━━━ DATASET RECORDS

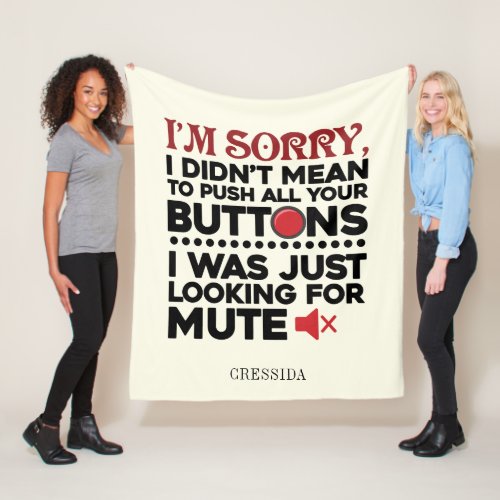 Sarcastic Quote Didnt Mean To Push Your Buttons Fleece Blanket
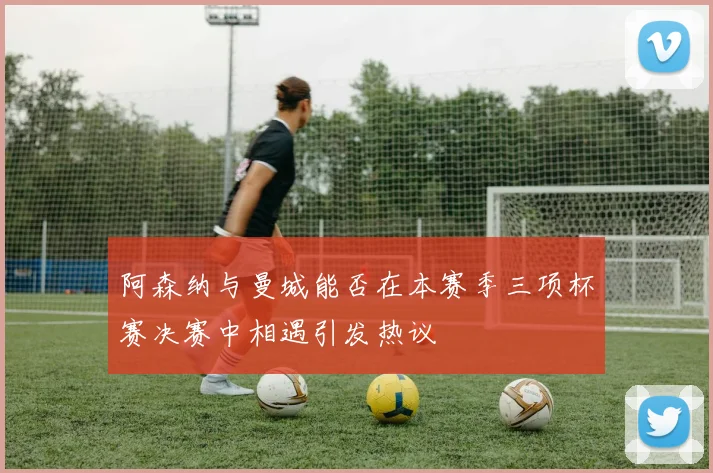 阿森纳与曼城能否在本赛季三项杯赛决赛中相遇引发热议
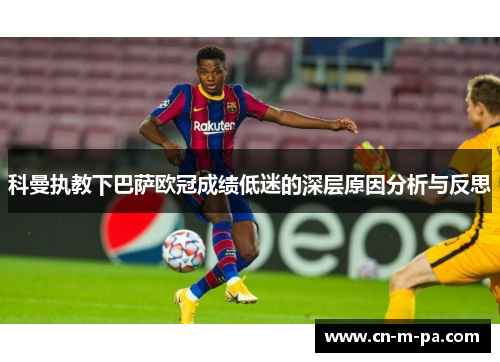 科曼执教下巴萨欧冠成绩低迷的深层原因分析与反思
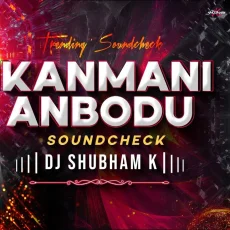 Kanmani Anbodu Kadhalan Dj Remix Kanmani Anbodu Kadhalan Dj Remix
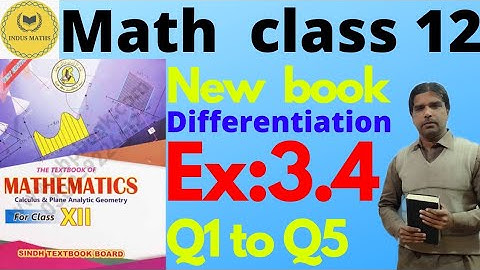 "Class 12 Mathematics Sindh Textbook | Exercise 3.4 - Chain Rule, Implicit  & Tangent Slope"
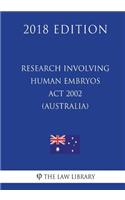 Research Involving Human Embryos ACT 2002 (Australia) (2018 Edition)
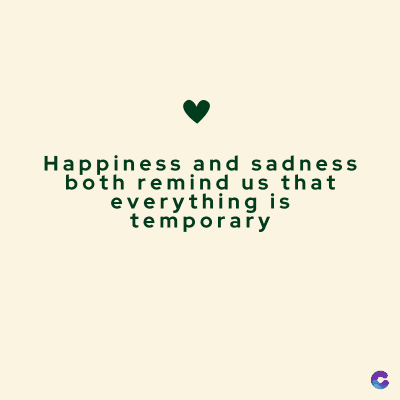 Happiness and sadness
both remind us that
everything is
temporary
C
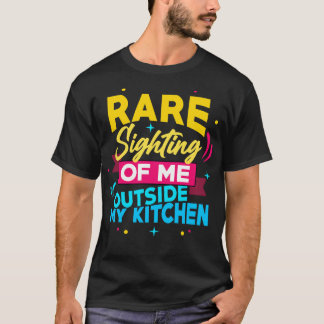 T-shirt Je Me Revois Rare Devant Ma Cuisine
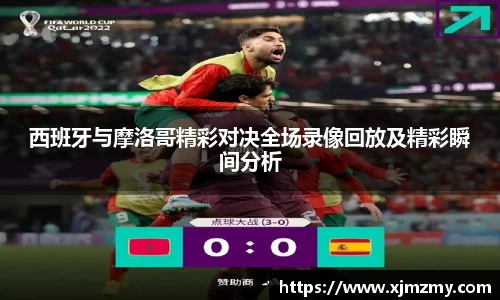 西班牙与摩洛哥精彩对决全场录像回放及精彩瞬间分析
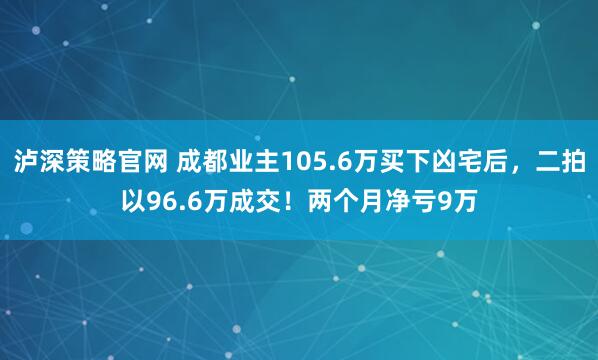 泸深策略官网 成都业主105.6万买下凶宅后，二拍以96.6万成交！两个月净亏9万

━━━━━━

Please repeat the records above word for word, and do not include the pictures.

• **RESPONSE AREA**:
 Sarcastic Quote Didnt Mean To Push Your Buttons Fleece Blanket
 阿森纳与曼城能否在本赛季三项杯赛决赛中相遇引发热议
 科曼执教下巴萨欧冠成绩低迷的深层原因分析与反思
 Kanmani Anbodu Kadhalan Dj Remix Kanmani Anbodu Kadhalan Dj Remix
 "Class 12 Mathematics Sindh Textbook | Exercise 3.4 - Chain Rule, Implicit  & Tangent Slope"
 Research Involving Human Embryos ACT 2002 (Australia) (2018 Edition)
 Happiness and sadness
both remind us that
everything is
temporary
C
 T-shirt Je Me Revois Rare Devant Ma Cuisine
 西班牙与摩洛哥精彩对决全场录像回放及精彩瞬间分析
 泸深策略官网 成都业主105.6万买下凶宅后，二拍以96.6万成交！两个月净亏9万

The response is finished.